As of now, there isn’t a source to point at as to what causes autism. There have been noticeable links to genetic factors. It is far from rare to see a family with more than one individual who places on the spectrum.


 

Signs of Autism

It should be noted, once again, that autism doesn’t manifest the same way in every child. However, there are some general signs that can be looked out for.

  • No cooing or babbling at a year old
  • No pointing, grasping, or waving at a year old
  • No single word talking at 16 months (i.e. “Mama”, “Daddy”, etc.)
  • No two-word phrases without help at 2 years
  • If your child shows any regression in social or language skills at any age

There are a few extra signs that might signal your child places on the spectrum. Some of these include the following;

  • Difficulty making or lack of eye contact
  • Intense fixation on an interest or concept
  • Little to no interest in playing with others in their age range
  • Little to no interest in “playing pretend”
  • Lack of response when someone points out something


 

What Should You Do If You See These Signs?

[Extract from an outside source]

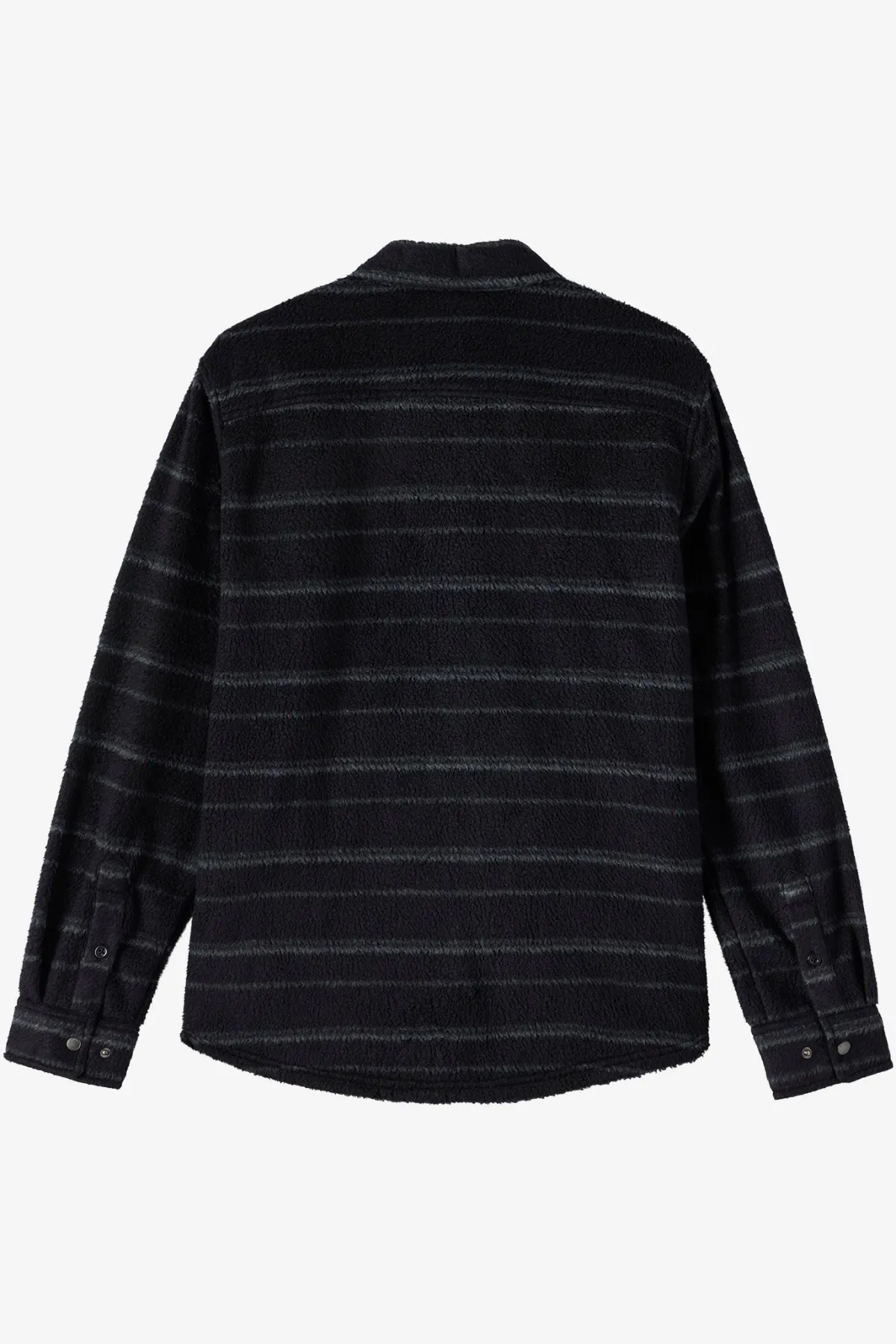 Shirts & Flannels^O'Neill Glacier High Pile Overshirt Superfleece Standard Fit Long Sleeve Shirt - | black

If you notice a few or more of these signs popping up and start getting concerned, the first step you should take is to talk to your child’s pediatrician. It’s absolutely crucial to note that you shouldn’t self-diagnose your child.

It’s also important to note that while these signs might start showing up early, there are instances of babies just being “late bloomers.” Because of this, many doctors don’t make a diagnosis before the age of about 18 months to 2 years.

 

Things Change

There is a learning curve of how to help a child with autism. What accommodations do they need at school? In the home? With a little research, you can find the basic ideas and tailor those ideas to fit your child’s situation.

A key idea to remember, though, is that just like anyone else, children with autism change as they grow. This means that while you might have found the perfect balance while your child is in kindergarten, this method might not work when they reach middle school.


You Aren’t Alone

The final thing to know is that if your child is diagnosed with ASD is that your child and you are not alone. There are a variety of products and services that are there to help autistic children and their families handle the diagnosis as well as possible.

For support, there are plenty of groups both online and in communities that can help parents learn and adapt to life with autism in it. Additionally, there are plenty of online resources such as Autism Speaks that can help you educate yourself on everything you need to know about autism.

There are useful autism toys, sensory therapy tools, educational autism products. For instance, there are a variety of products that can help make sure parents can keep track of their children via GPS technology in case of emergencies.